Wednesday October 20, 2021

Broken promises

January 25, 2020

We’ll come to the wheat crisis a little later. Let’s start from where it all began – a hope inspired by a promise. The first half of the year 2018 is not a distant past.

As political parties do when in election mode, the PTI was also selling its manifesto to its prospective voters. But those were not ordinary promises. Imran Khan’s first televised speech after the PTI came out as the majority party in the general elections left a huge impact.

That was a time, though brief, when it seemed to some that things would change for the better with assurances of across-the-board accountability, unprecedented austerity measures, a revived economy, and political stability Pakistan had desired from day one. Even Imran’s critics believed in him for a minute. Their stance was: let’s give him a chance. But that stance changed as quickly as it was adopted.

One after the other, the economic and political crises dashed hopes. To people’s utter shock, even PTI voters, it all came down like a house of cards within months.

It was not a good start, more notably in economic terms. The delay in going to the IMF caused by the indecision of the government’s economic team made matters even worse. The tone was set. The gradual but continuous raise in electricity and gas tariffs came at a time of high inflation, directly affecting the common person. Prices of essential commodities soared overnight. People started feeling the first shocks of the impending hardships.
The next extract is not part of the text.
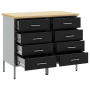 Armario de trabajo 2 pcs Negro y Gris 100 x 55 x 85 cm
About one and a half years down the road, the government is still looking for ways to bring in a semblance of normalcy on the economic and political landscape of the country.

Experts think that the wheat crisis was writing on the wall – in a big font. But the government chose to look the other way while hoarders and profiteers laid out their plans to make money. Will there be a probe into what led to the wheat crisis? Will those who were responsible to prevent it from happening be taken to task? Quite unlikely, if the government’s track record is any guide.

Even the voters are perplexed. Is the government inefficient, unprepared, directionless or all three? While we remain focused on the wheat crisis, another very important issue has been brushed under the carpet – an industrial policy, in fact absence of a comprehensive industrial policy. It would not be an exaggeration to say that a timely and dynamic industrial policy would have set many things right for our ailing economy.

As the basic aim of an industrial policy is to give a plan to increase production, the absence of a policy will certainly affect prospects of economic growth.

As things stand, Adviser to the Prime Minister on Commerce, Textile, Industry and Production and Investment Abdul Razak Dawood has not been able to assuage the concerns of the industrial sector. While he claims that there is economic stabilisation in Pakistan, the country has still not seen economic growth.

There is no disagreeing with him that the challenge for Pakistan should be to change from an import-oriented economy to a country with considerable exports. But this will remain wishful thinking if not backed up by a robust industrial policy that takes into account local factors and concerns of the stakeholders. The sooner the better.

While Dawood has recently said that we must be able to have at least seven percent GDP rate for the next many years, is there a policy and a commitment in place that will make that possible? What prevents the government from announcing the much-needed policy? Do they have one?

According to one definition, “An industrial policy of a country is its official strategic effort to encourage the development and growth of all or part of the economy, often focused on all or part of the manufacturing sector.” Whatever effort our policymakers are making in that direction has still not made an impact on the manufacturing sector.

A Pakistan Business Council working paper brought out in 2018, ‘Contours of New Industrial Policy’, says, “Pakistan needs a fresh industrial policy to promote employment, value-added exports and import substitution. The aim should be to reverse the trend of deindustrialisation.”

According to the PBC, Pakistan is deindustrialising and the role of manufacturing in the economy has declined. Understandably, its rate of growth lags behind India, Bangladesh and Sri Lanka. As a result, Pakistan has lost share of world exports over the last decade and a half, whilst Bangladesh’s share doubled and Vietnam’s grew seven-fold in the same time period.

The statistics on the manufacturing sector are eye-opening. The PBC has pointed out that Pakistan’s manufacturing decreased from 17.5 percent of the GP in 2005 to 12.1 percent of the GP in 2018. The tariff policy is one of the bottlenecks. A policy that does not differentiate between raw materials, intermediate goods and finished products has resulted in rapid growth of imports, often failing to leave a positive impact that trade agreements could bring due to cheaper raw materials. On top of it, high input costs make us uncompetitive. No wonder then that Pakistan is not integrated well into global value chains.

All this at a time when, according to experts, the country needs to generate 2-3 million jobs for the youth who reach the age of employment every year and for the 5-6 million currently unemployed.

In simple terms, if manufacturing is increased and diversified, Pakistan’s share of world export grows, and if structural reforms are undertaken, our industrial sector can begin to make the difference in our dwindling economy.

But first things first: wheat is the basic ingredient in our diet. The wheat crisis has already spilled over to other commodities. Hoarders seem to be pulling up their socks. Is anybody listening? The promises have been long forgotten.

The writer is assistant editor, The News on Sunday.